EXERCISE AIM:
The pictures in the listing below are to be skipped, while the lines between the line holding "75452 - UPC" and the line holding "Оксфорды Stacy Adams", inclusive, are to be output exactly.

DATASET EXCERPTS:
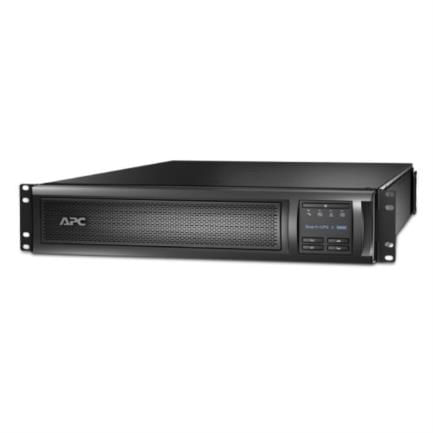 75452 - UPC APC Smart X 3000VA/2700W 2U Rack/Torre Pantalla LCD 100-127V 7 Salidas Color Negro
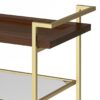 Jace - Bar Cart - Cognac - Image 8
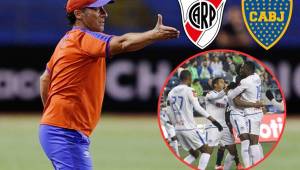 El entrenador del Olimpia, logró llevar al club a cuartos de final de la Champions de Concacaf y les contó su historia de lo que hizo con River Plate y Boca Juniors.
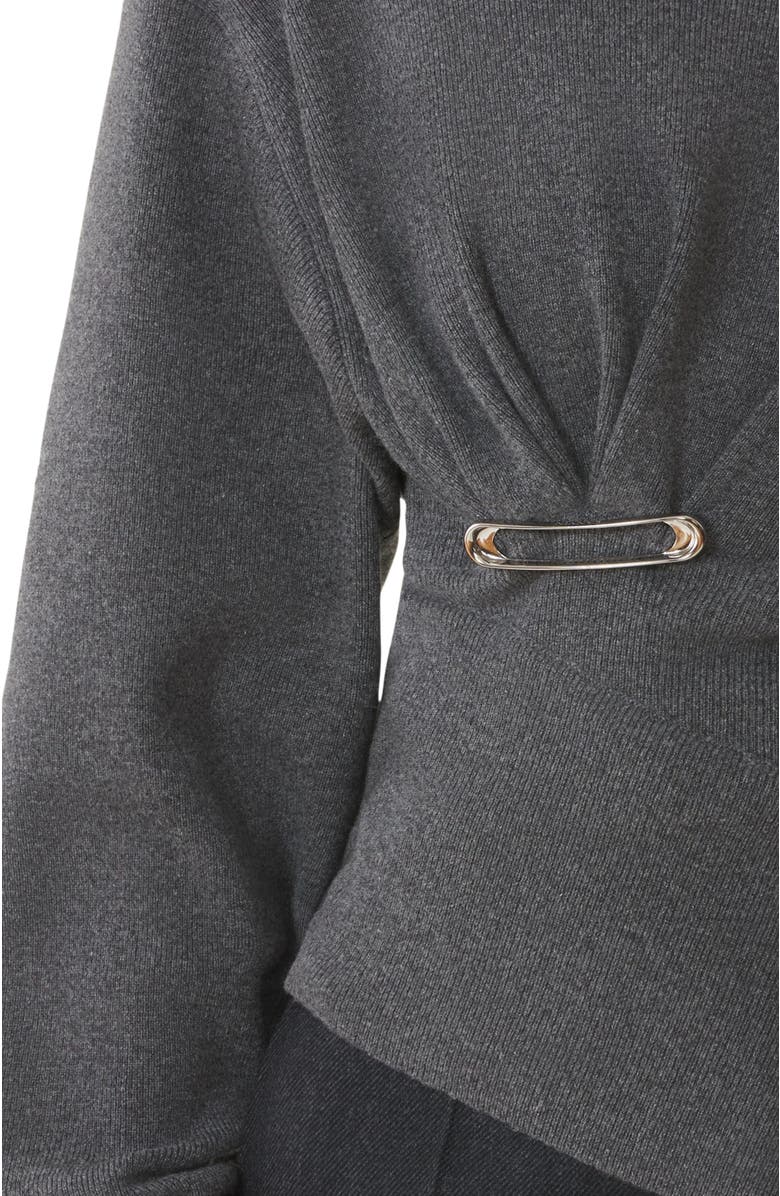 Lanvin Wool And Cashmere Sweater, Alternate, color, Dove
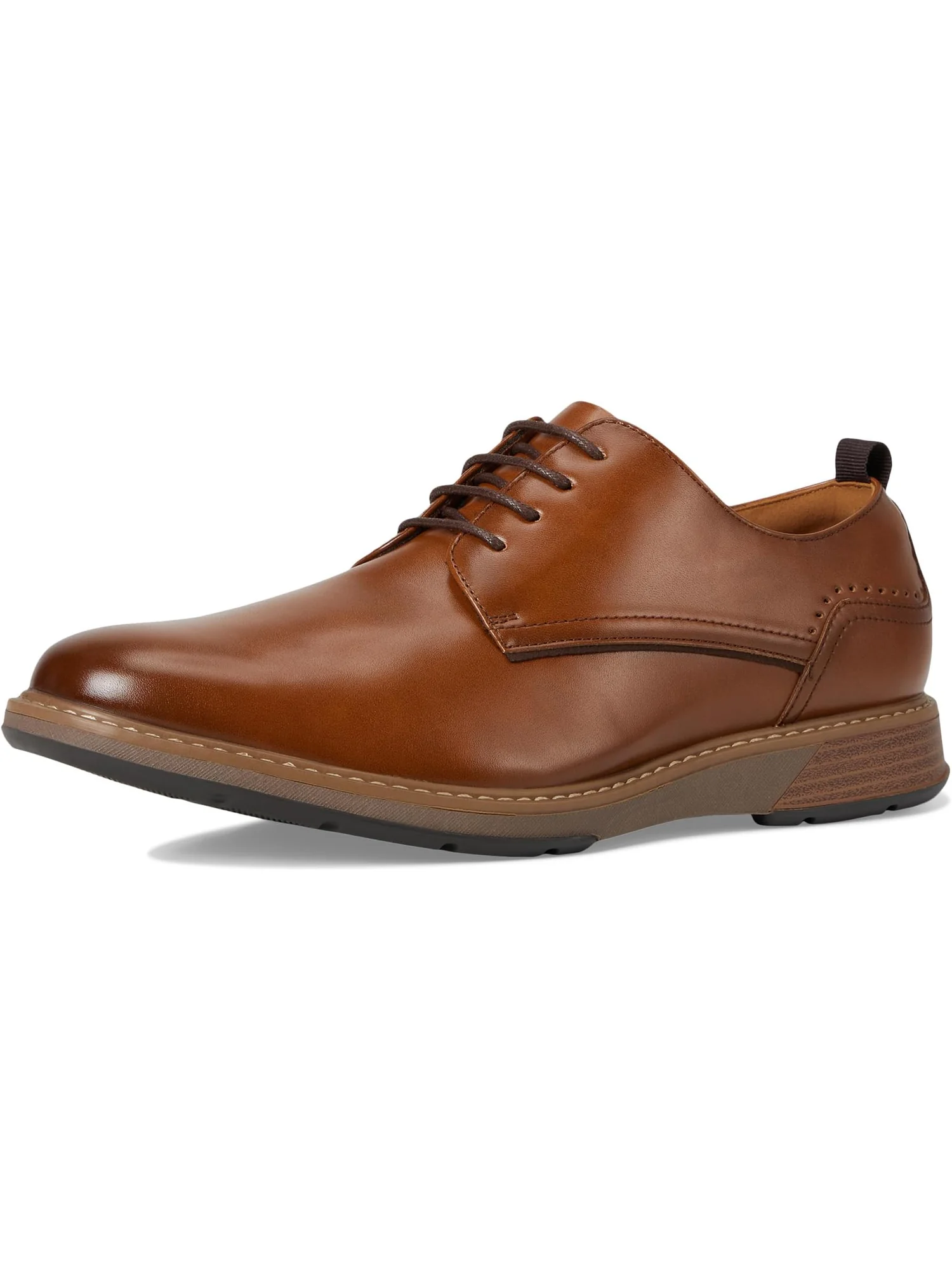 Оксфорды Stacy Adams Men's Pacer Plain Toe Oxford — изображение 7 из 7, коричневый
...
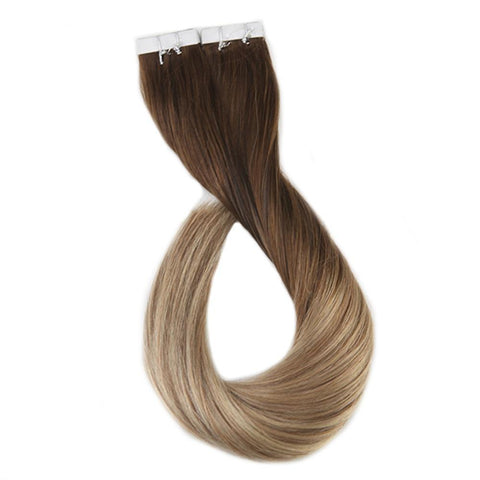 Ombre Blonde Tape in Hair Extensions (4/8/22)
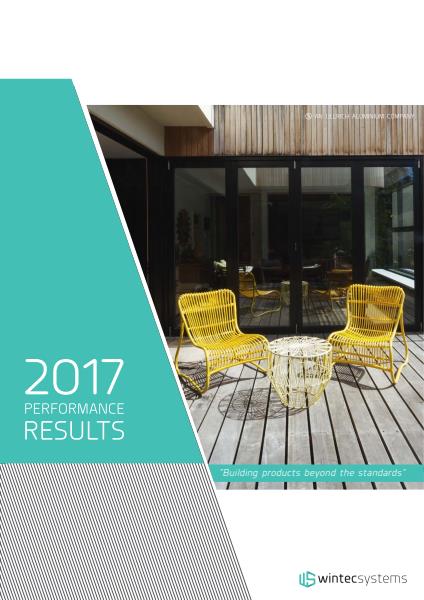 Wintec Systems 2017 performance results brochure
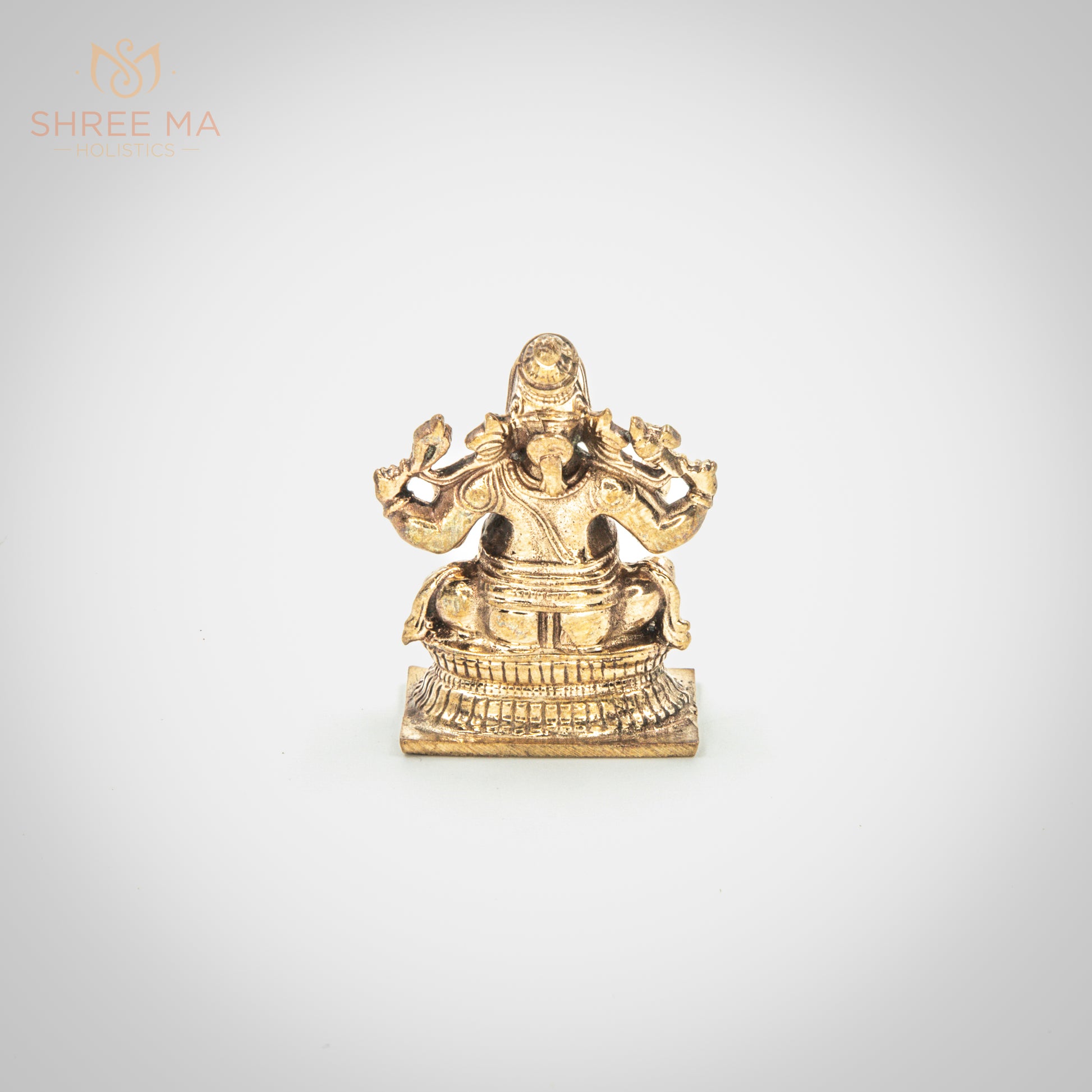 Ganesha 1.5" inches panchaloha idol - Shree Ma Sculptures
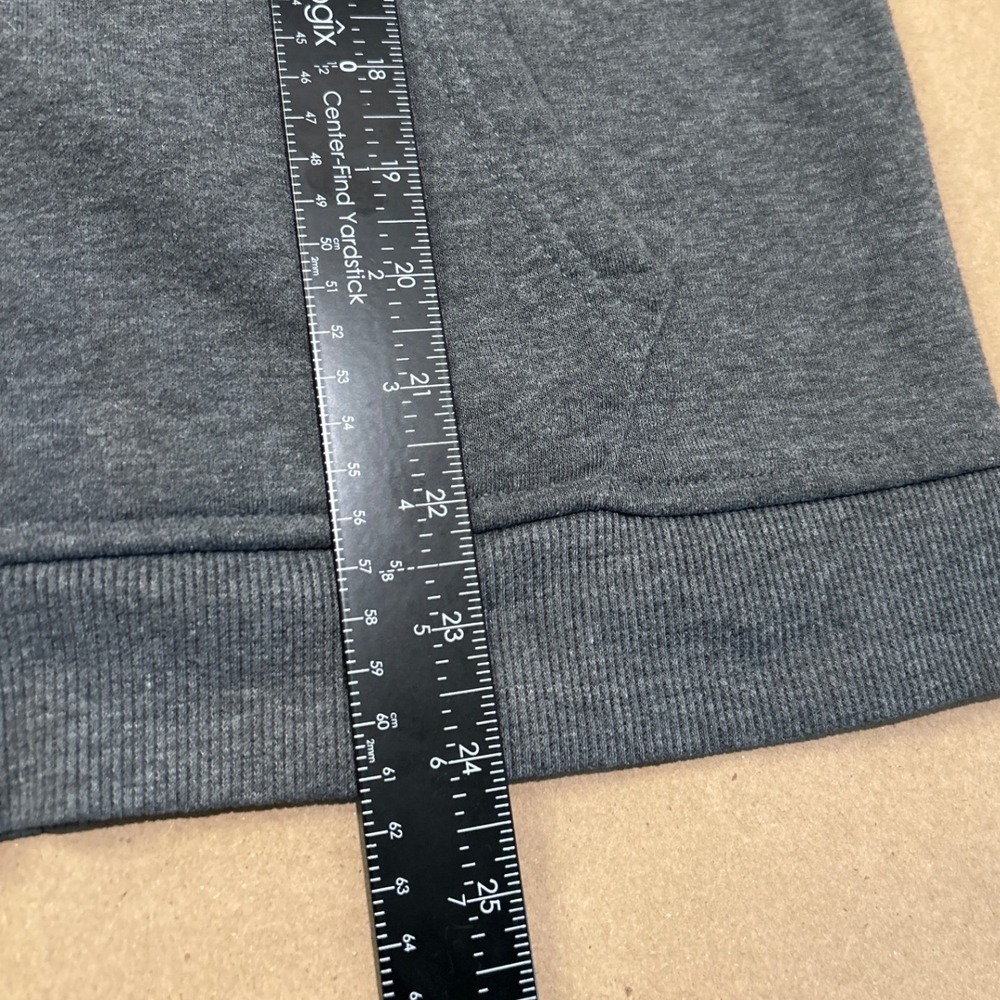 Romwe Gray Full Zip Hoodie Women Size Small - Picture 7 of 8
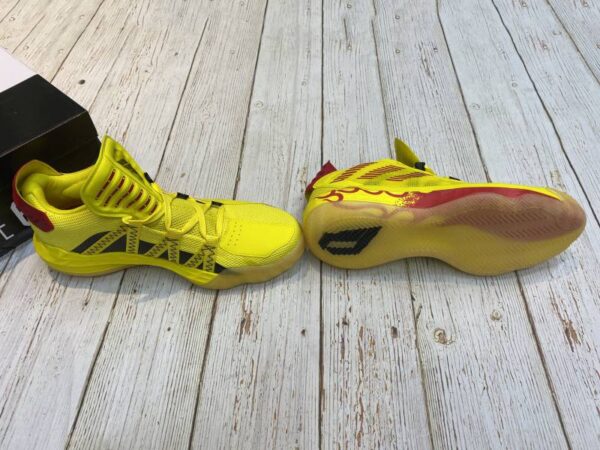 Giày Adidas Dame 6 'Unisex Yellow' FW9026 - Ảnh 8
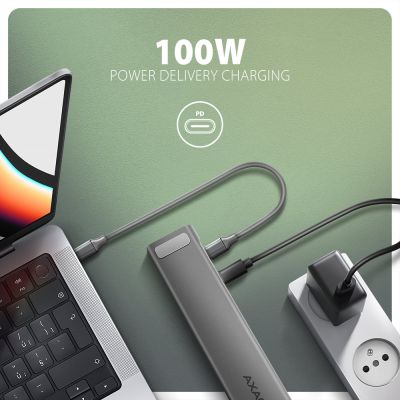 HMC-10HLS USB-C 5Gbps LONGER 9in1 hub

SOLUTION FOR THIS TASK:
 75452 - UPC APC Smart X 3000VA/2700W 2U Rack/Torre Pantalla LCD 100-127V 7 Salidas Color Negro
 Jace - Bar Cart - Cognac - Image 8
 El entrenador del Olimpia, logró llevar al club a cuartos de final de la Champions de Concacaf y les contó su historia de lo que hizo con River Plate y Boca Juniors.
 Lanvin Wool And Cashmere Sweater, Alternate, color, Dove
 Оксфорды Stacy Adams Men's Pacer Plain Toe Oxford — изображение 7 из 7, коричневый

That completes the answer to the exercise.